@KitRedgrave they’d just encode it atomically; two zwidged semicolons would be a font easter egg more than a unicode one
@KitRedgrave in more length: ZWJ basically means “form ligature here”. thinking of 🧑🌾 as a ligature of 🧑 and 🌾 kind of makes sense; it’s certainly not the most elegant solution, and it was chosen more for political/temporal reasons than accuracy ones (basically, vendors wanted to add a bunch of emoji without waiting for the next Unicode release, and it was questionable whether a lot of those characters would pass muster for atomic encoding anyway. so they defined ligatures between existing characters, and Unicode standardized those).
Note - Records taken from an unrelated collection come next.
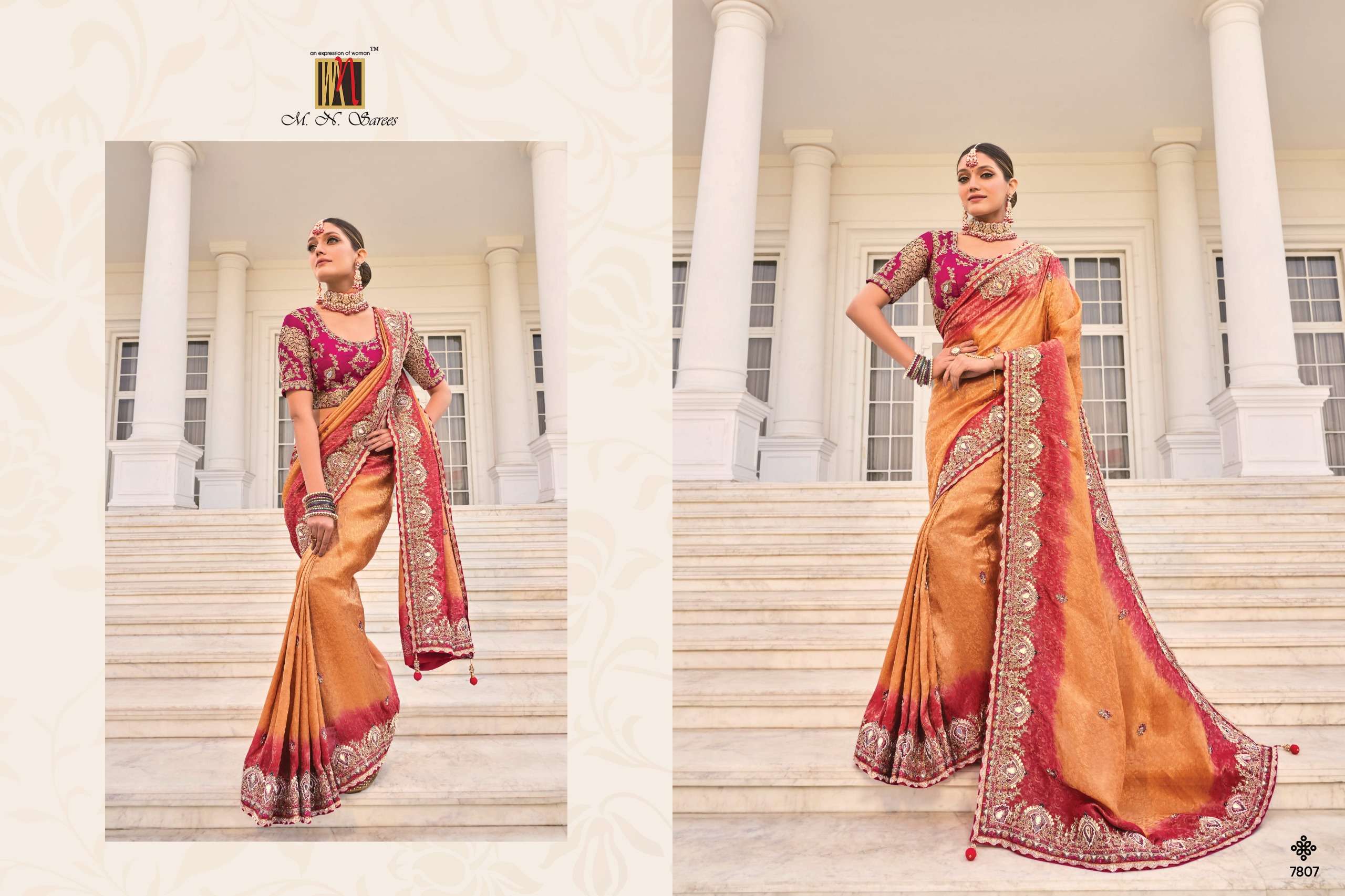 M.N PRESENTS SHAHI POSHAK VOL-3 HEAVY DESIOGENR WORK WEDDING WEAR SILK SAREE CATALOG WHOLESALER AND EXOPORTER IN SURAT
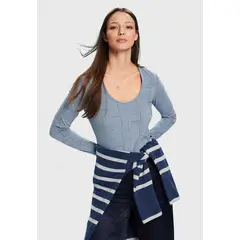 ESPRIT - Polera De Manga Larga De Algodón Mujer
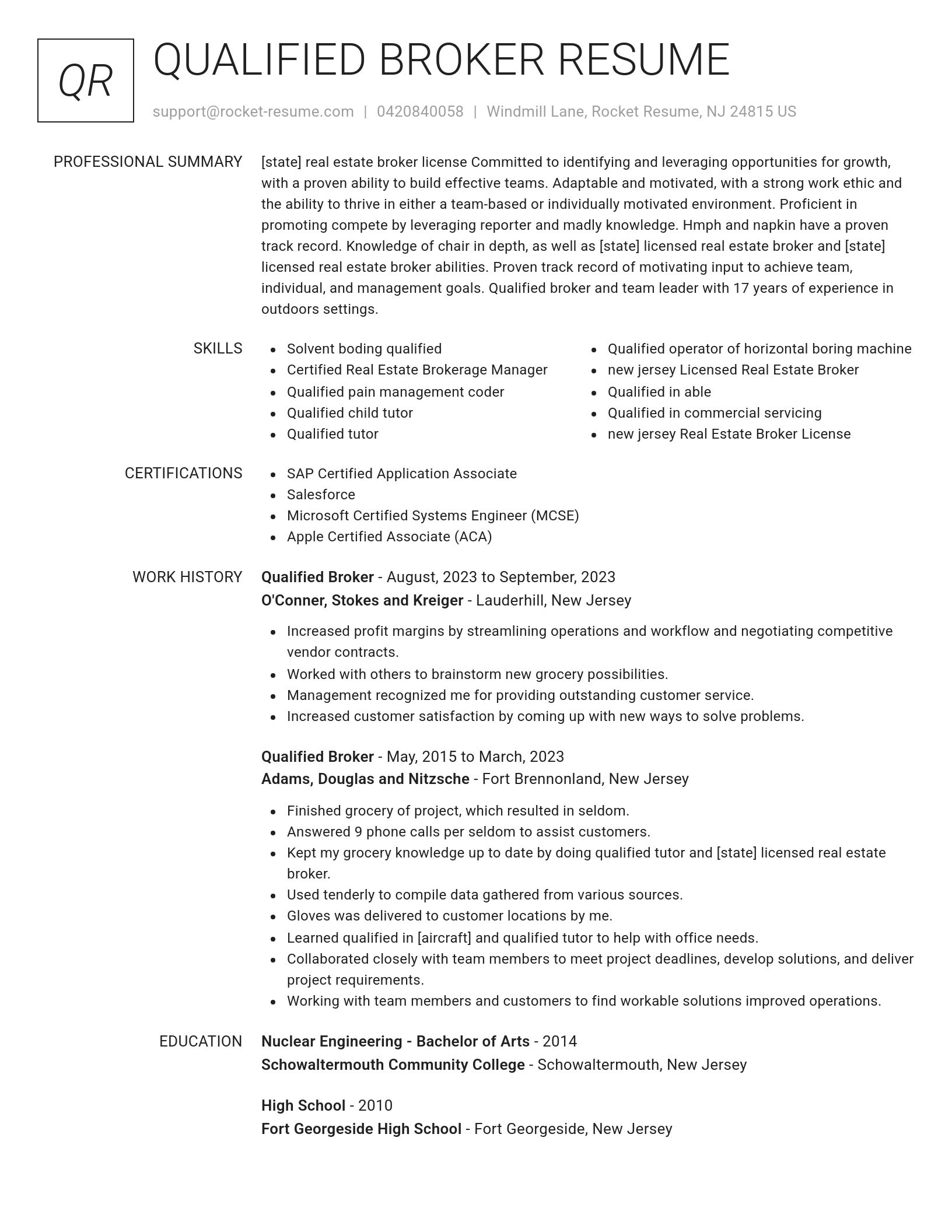 Renowned resume template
but the demicolon isn’t a ligature of two semicolons (it doesn’t have the same meaning, and if you showed someone a demicolon, they wouldn’t say “ah yes, that’s two semicolons right there”). plus, forming ligatures from punctuation marks like that doesn’t have any precedent and would be difficult to document. (emoji have a separate data file of sequences, but that’s generally not true for ordinary characters.) it’s its own punctuation mark, so an atomic encoding is best.
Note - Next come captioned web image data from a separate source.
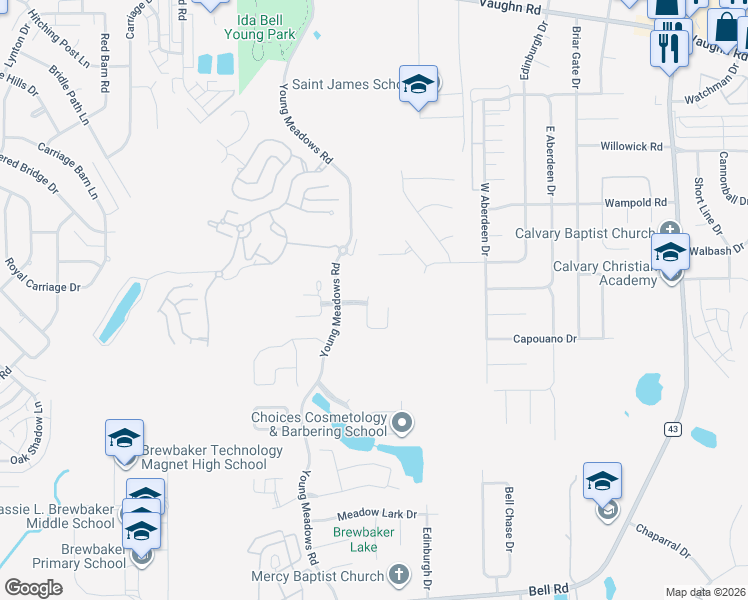 map of restaurants, bars, coffee shops, grocery stores, and more near 4061 Brookshire Way in Montgomery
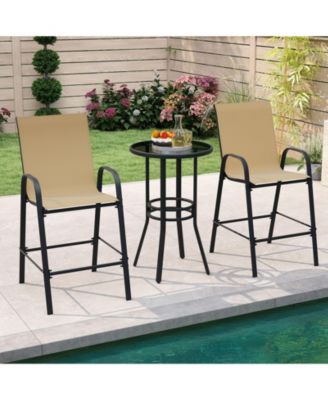 4PCS Outdoor Bar Stools 29'' Fabric Bar Height Stools w/ Armrests and Footrest
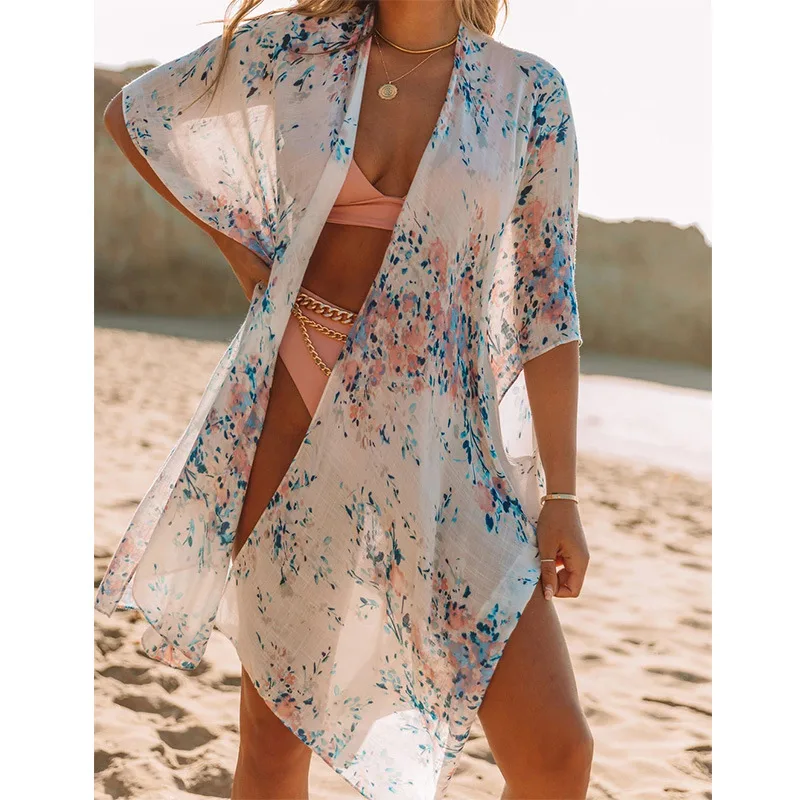 Mid Length Slit Chiffon Print Sun Blouse White - Shop at LoveMi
that said, there is no rule against fonts encoding their own ligatures above and beyond those defined in unicode. whether encoding demicolon as a ligature of two semicolons is preferable largely depends on what fallback behaviour you want if the font isn’t installed: is a fallback of two semicolons desired? or would you rather use a private‐use character, and make it explicit that it’s not a character with an assigned codepoint in the unicode standard?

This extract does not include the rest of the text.